The Rip (2026) | REVIEW

Matt Damon and Ben Affleck in THE RIP — PHOTO: NETFLIX (Still image from trailers).

Directed by Joe Carnahan — Screenplay by Joe Carnahan.

We’re only a few weeks into the new year, and we already have a freshly made and relatively high-profile action thriller to feast on. That high-profile feature is Netflix’s The Rip, which brings together famous friends Matt Damon and Ben Affleck in a film built around drug money, dirty cops, and snitches. The Rip, from The Grey-filmmaker Joe Carnahan (who, in recent years, has been making plenty of B-movie action films), is the first 2026 film that I am reviewing, and it also happens to be the first 2026 film that I thoroughly enjoyed. It’s not high art, but it is exactly the kind of straight-to-streaming action thriller star-vehicle that you would want to chew on in January. 

Joe Carnahan’s The Rip, which is, apparently, inspired by a true story, takes place shortly after the murder of a high-ranking Captain of the Miami-Dade Police Department. With rumors of crooked cops swirling, some eyes look toward the Tactical Narcotics Team led by Lieutenant Dane Dumars (played by Matt Damon) and Detective Sergeant JD Byrne (played by Ben Affleck). To figure out if anyone, and indeed who, on the TNT task force may, in fact, be dirty, Dane acts on a secret tip about drug money in Hialeah. Once there, their initial investigation uncovers much more money than was initially presumed, thus leading to high-tension confrontations and colleagues questioning each other’s motives. 

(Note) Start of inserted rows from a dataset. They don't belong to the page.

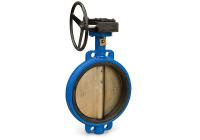 Затвор Ду350 Ру16/10 межфл. поворотный с редуктором чугунный (EPDM). До 130С° вода, пар, воздух.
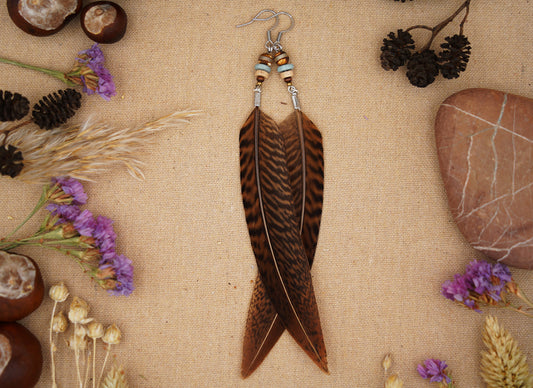 Federohrringe Goldfasan – Boho Schmuck, handgemacht, 13–15 cm, ultraleicht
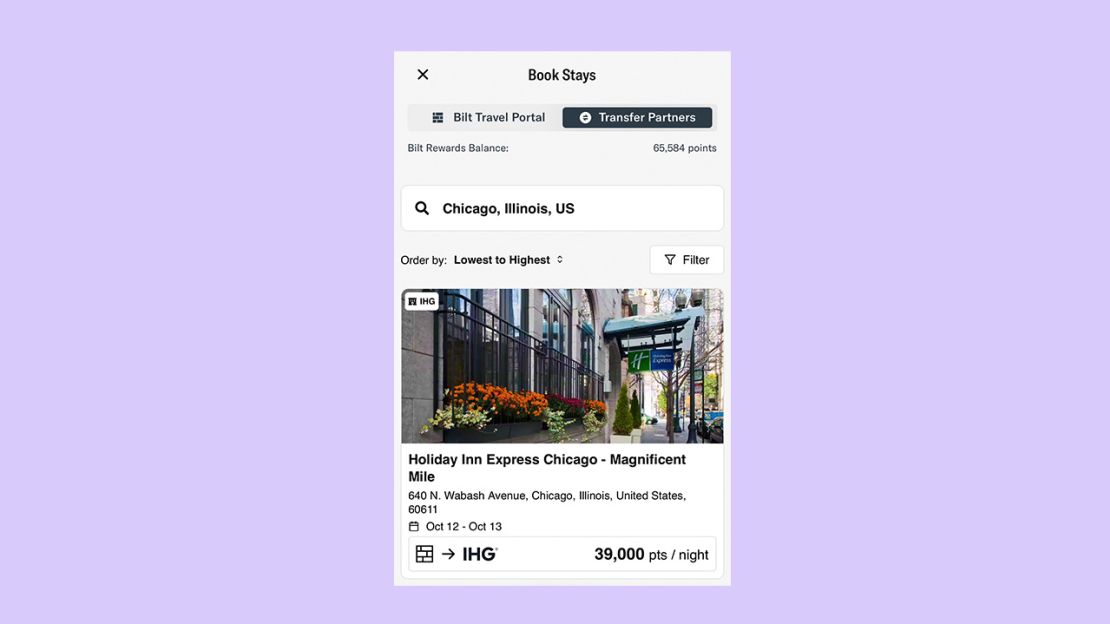 A screenshot of searching for hotel award nights in Chicago, Illinois in the Bilt Rewards app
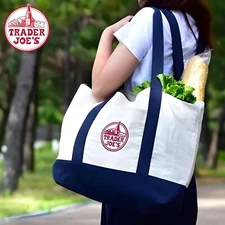 Trader Joe’s Large Canvas Reusable Tote Bags - NWT - Free shipping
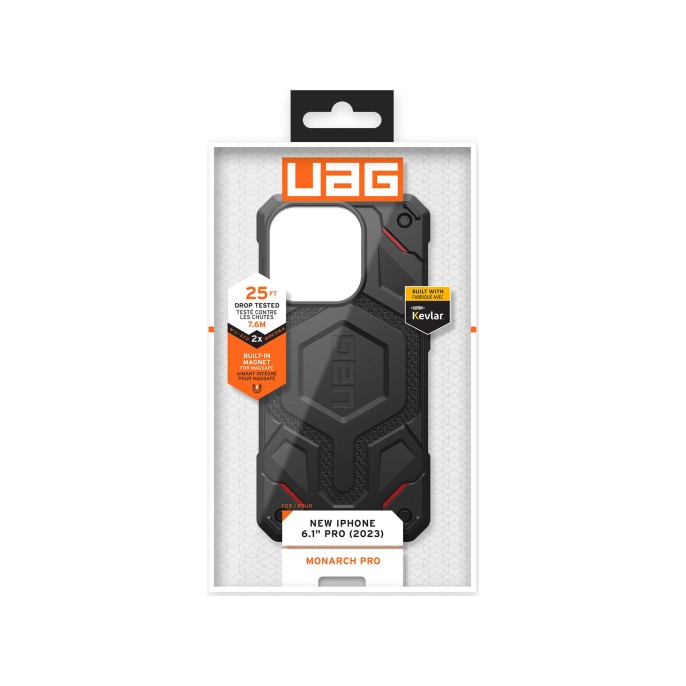 Uag monarch pro backcover iphone 15 pro - kevlar black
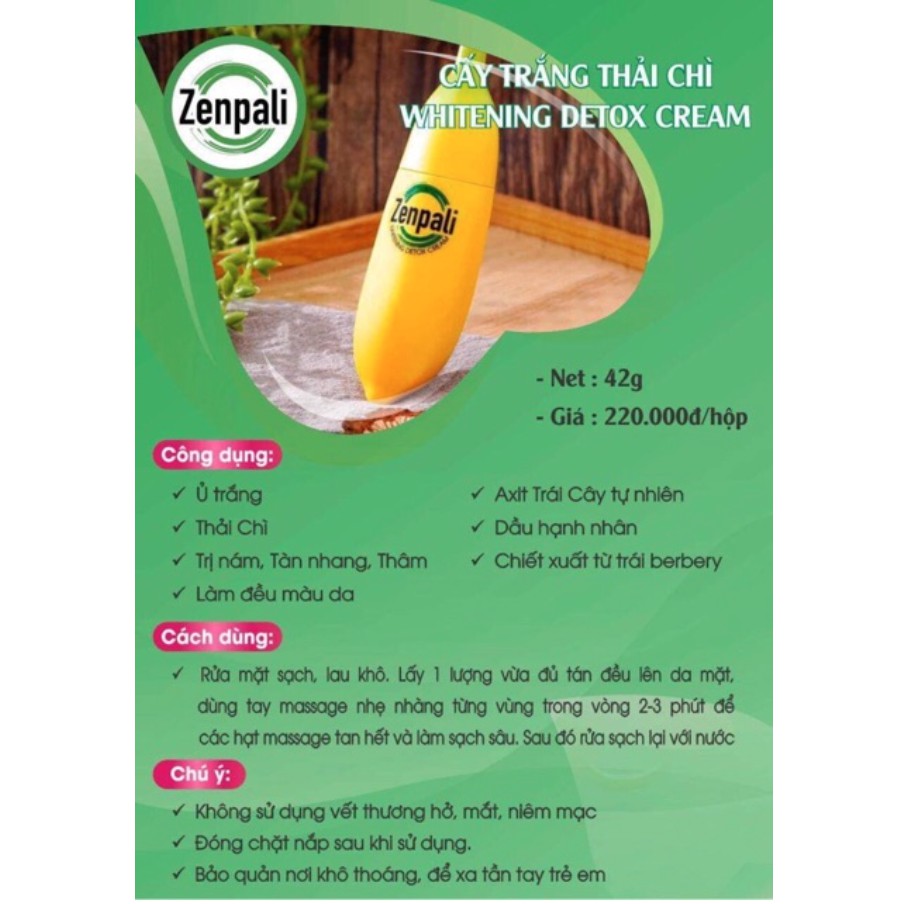 Chuối Cấy Trắng Zenpali, Chuối Giảm Thâm, Chuối Thải Chì Zenbali Whitening Detox Cream 30gr | BigBuy360 - bigbuy360.vn
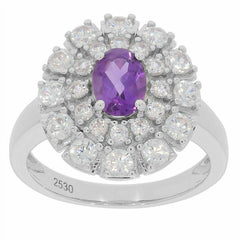 Sterling Silver Semi Mount Ring Setting Oval OV 7x5mm Double Halo White Topaz - Syzjewelry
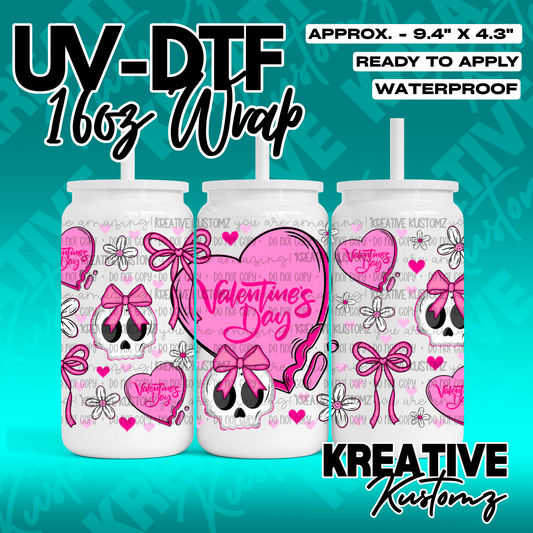 A Valentine's themed UV DTF adhesive wrap featuring pink hearts, skulls, and bows for glass cups.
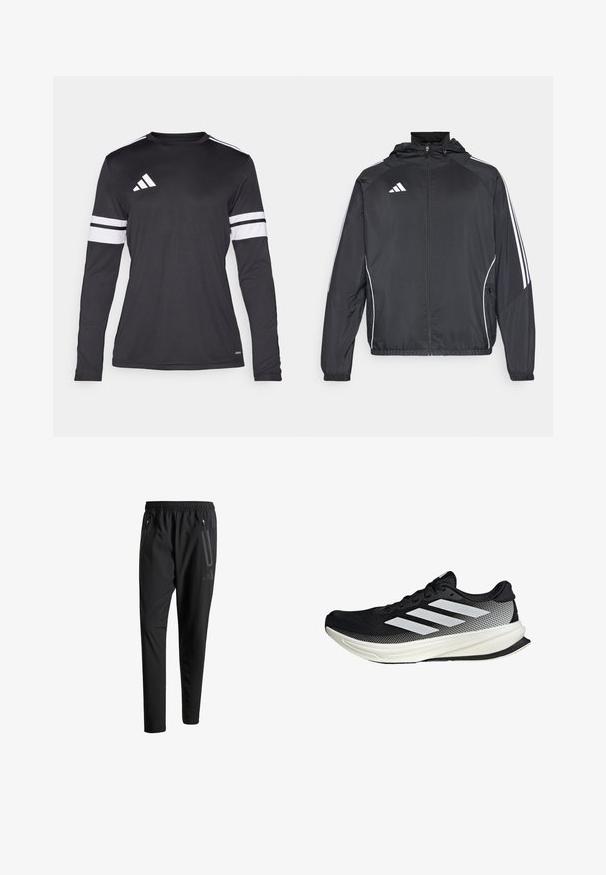 Schwarze Sportjacke mit Kapuze, ausgestattet mit weißen Streifen an den Ärmeln und einem Reißverschluss vorne. Hergestellt aus einem glatten, leichten Stoff.; Langärmliges schwarzes Sportshirt mit weißen drei Streifen Akzenten an den Ärmeln und einem weißen Logo auf der Brust. Hergestellt aus weichem, atmungsaktivem Stoff.; Schwarze Sporthose mit elastischem Bund, zwei Reißverschlusstaschen an den Seiten, schmal zulaufenden Beinen und einem dezenten Logo-Detail an der Hüfte.; Schwarzer Sportschuh mit einem Mesh-Design, ausgestattet mit weißen Streifen, einer runden Zehenpartie und einer strukturierten Sohle für Grip und Unterstützung.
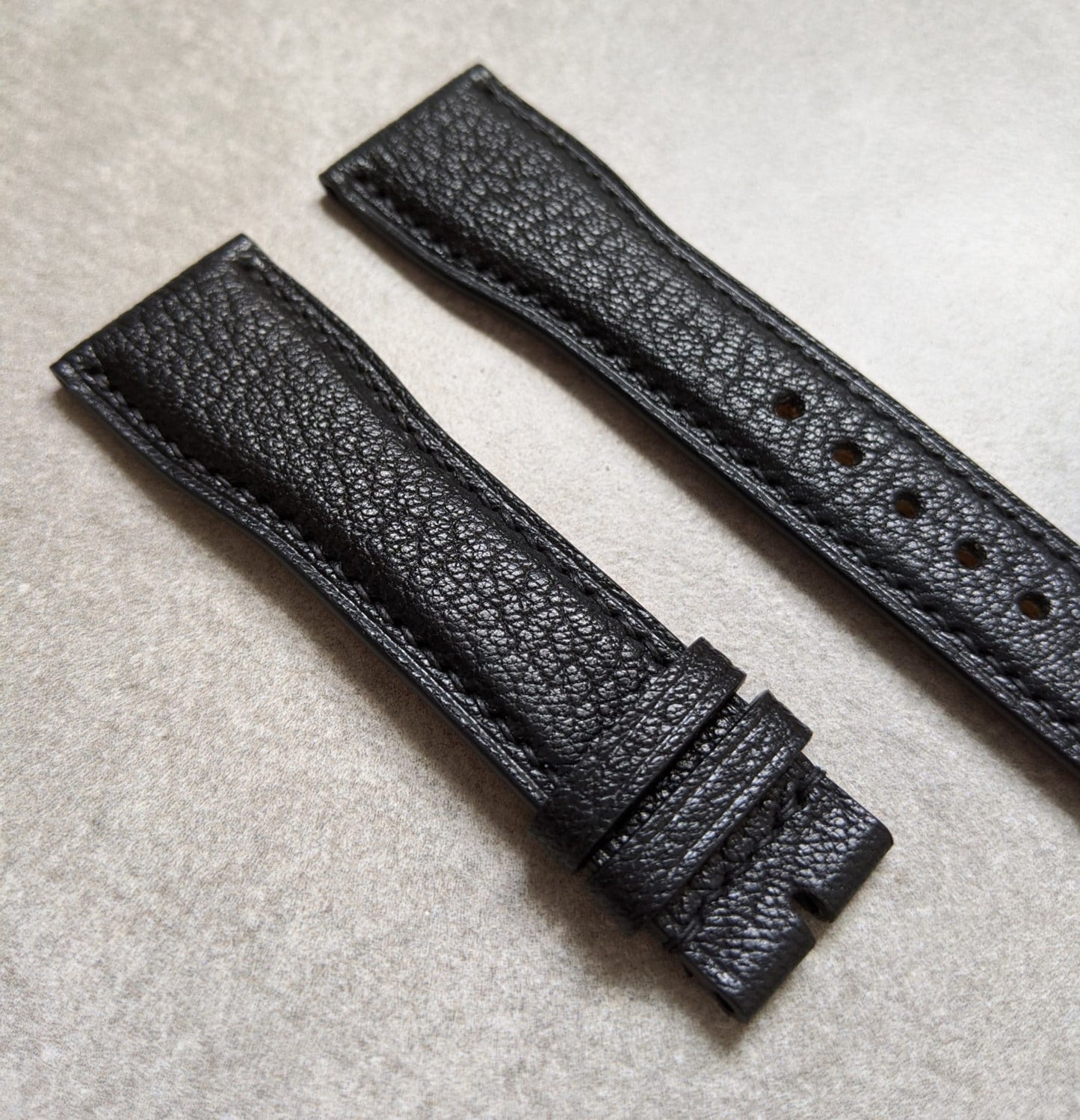 Alran Chevre Goatskin IWC Pilot Style Strap - Black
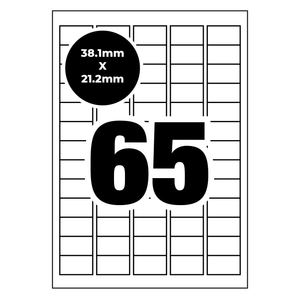 A4 Self Adhesive Address Labels [Compatible with Avery® Word Templates] for Laser Inkjet Printers Mailing Sticker [65 Per Page]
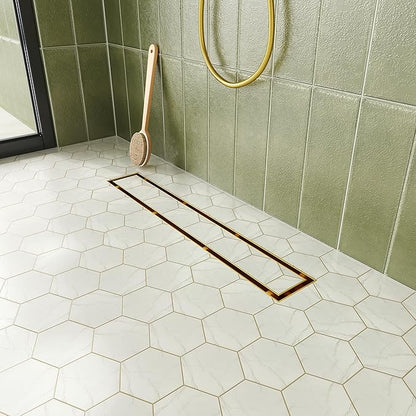 Neodrain 18-Inch Linear Shower Drain with Tile Insert Grate, Golden 304 Stainless Steel Rectangle Shower Floor Drain, Linear Drain with Leveling Feet, Hair Strainer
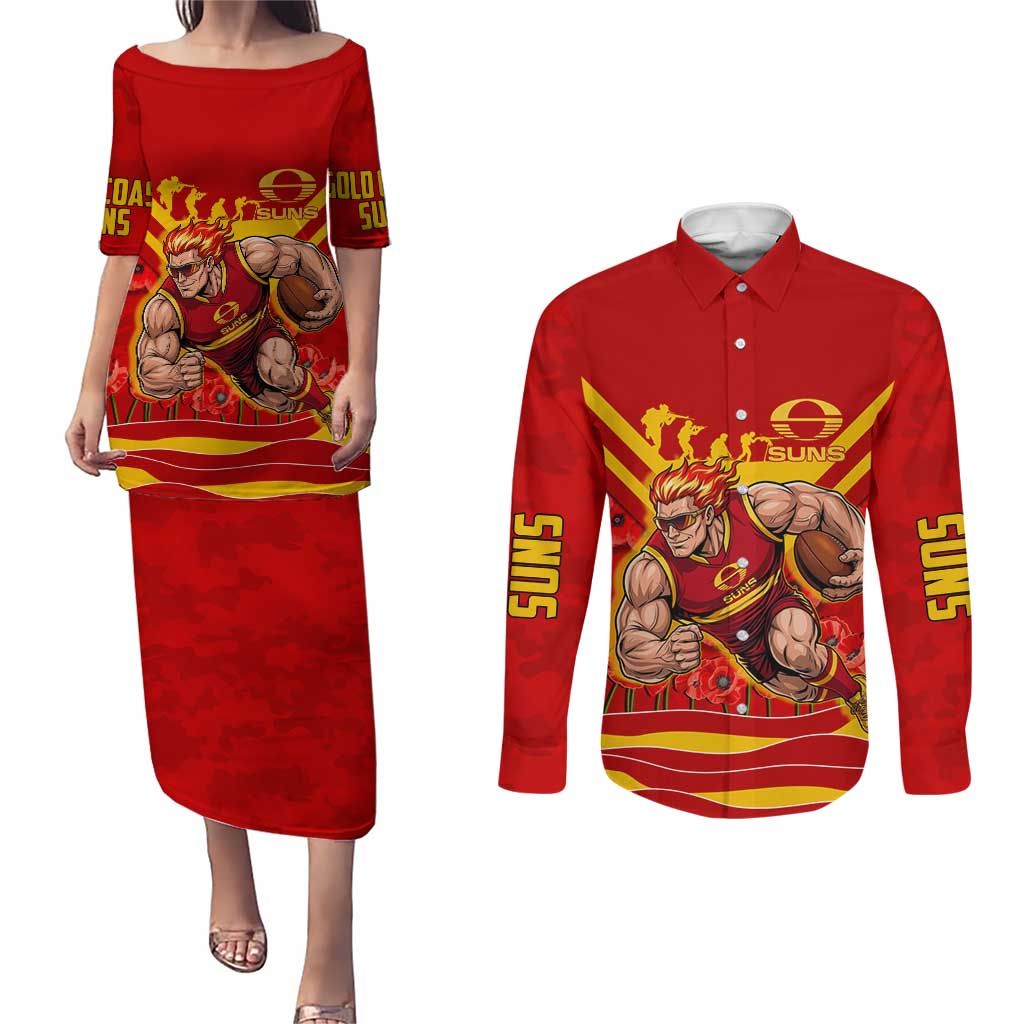 Personalised Gold Coast Suns ANZAC Couples Matching Puletasi and Long Sleeve Button Shirt Military Remembrance Australian Football Mascot Camouflage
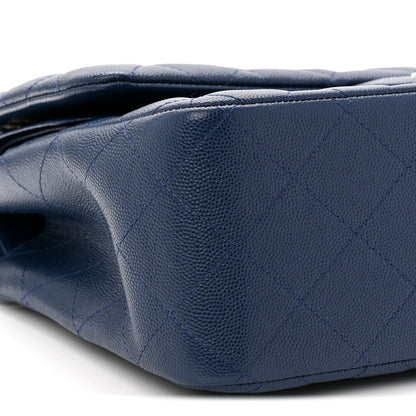 Chanel Caviar Quilted Jumbo Double Flap Navy Blue 9 of 11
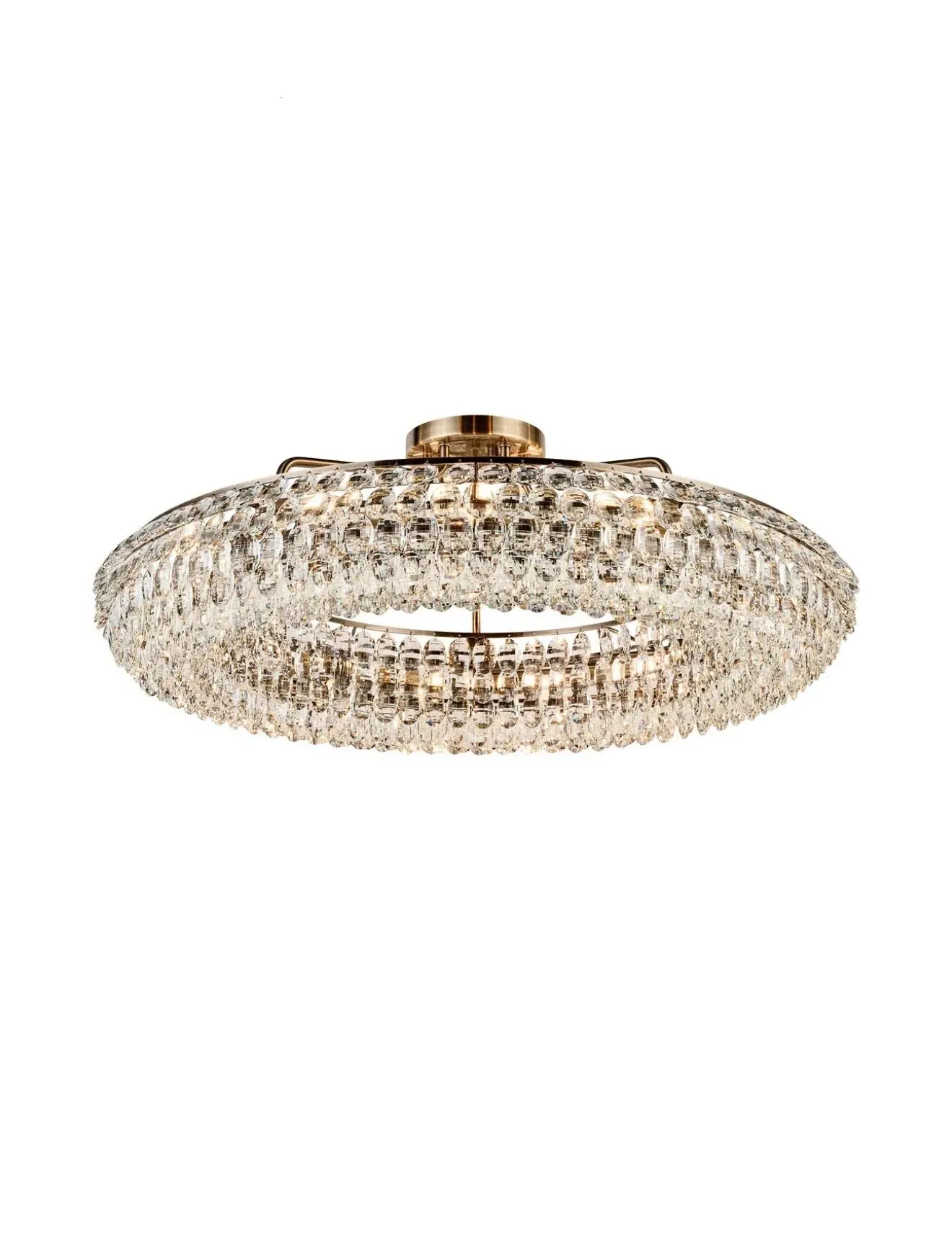 Orlune Round Semi Flush Chandelier - Brass, Crystal product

As was intimated earlier in my review, Carnahan is a veteran of a certain kind of action film, and the writer-director turns in solid albeit familiar work here. There are so many elements here that you’ve seen so many times before in other crime thrillers, and yet Carnahan and his team find good ways to elevate it, including with the way the framing and composition emphasize core themes (e.g., Damon and Affleck standing next to mirrors to emphasize a visual doubling, thus leading one to ask oneself whether they’re being upfront about their true intentions). The action is competent, though there are shaky moments found here and there.

It also has to be said that the structure is somewhat clunky in the first act (perhaps in an effort to frontload certain eye-catching elements), and that the screenplay doesn’t give a lot to work with for the film’s key supporting players. That last issue is especially glaring given how overqualified the entire cast is here. At the heart of the film are, obviously, Boston’s most famous filmmaking friends, Ben Affleck and Matt Damon, both of whom elevate the film considerably. Affleck is particularly well-suited for this film, but Damon is also quite entertaining to watch. Having Steven Yeun, Teyana Taylor, Sasha Calle, Scott Adkins, and Kyle Chandler also be present is a real treat, even if they’re all playing relatively one-note characters. 

Ultimately, while Joe Carnahan’s The Rip is unlikely to be remembered at the end of the year as a true highlight, it is a very entertaining watch for its competent, tension-filled action-crime thriller elements and its extremely overqualified cast. It’s got both a great ticking clock element and twisty developments, and it utilizes the film’s central duo quite well. In lesser hands, it could’ve just been a disposable crime flick, but, as it is, it is a nice January surprise.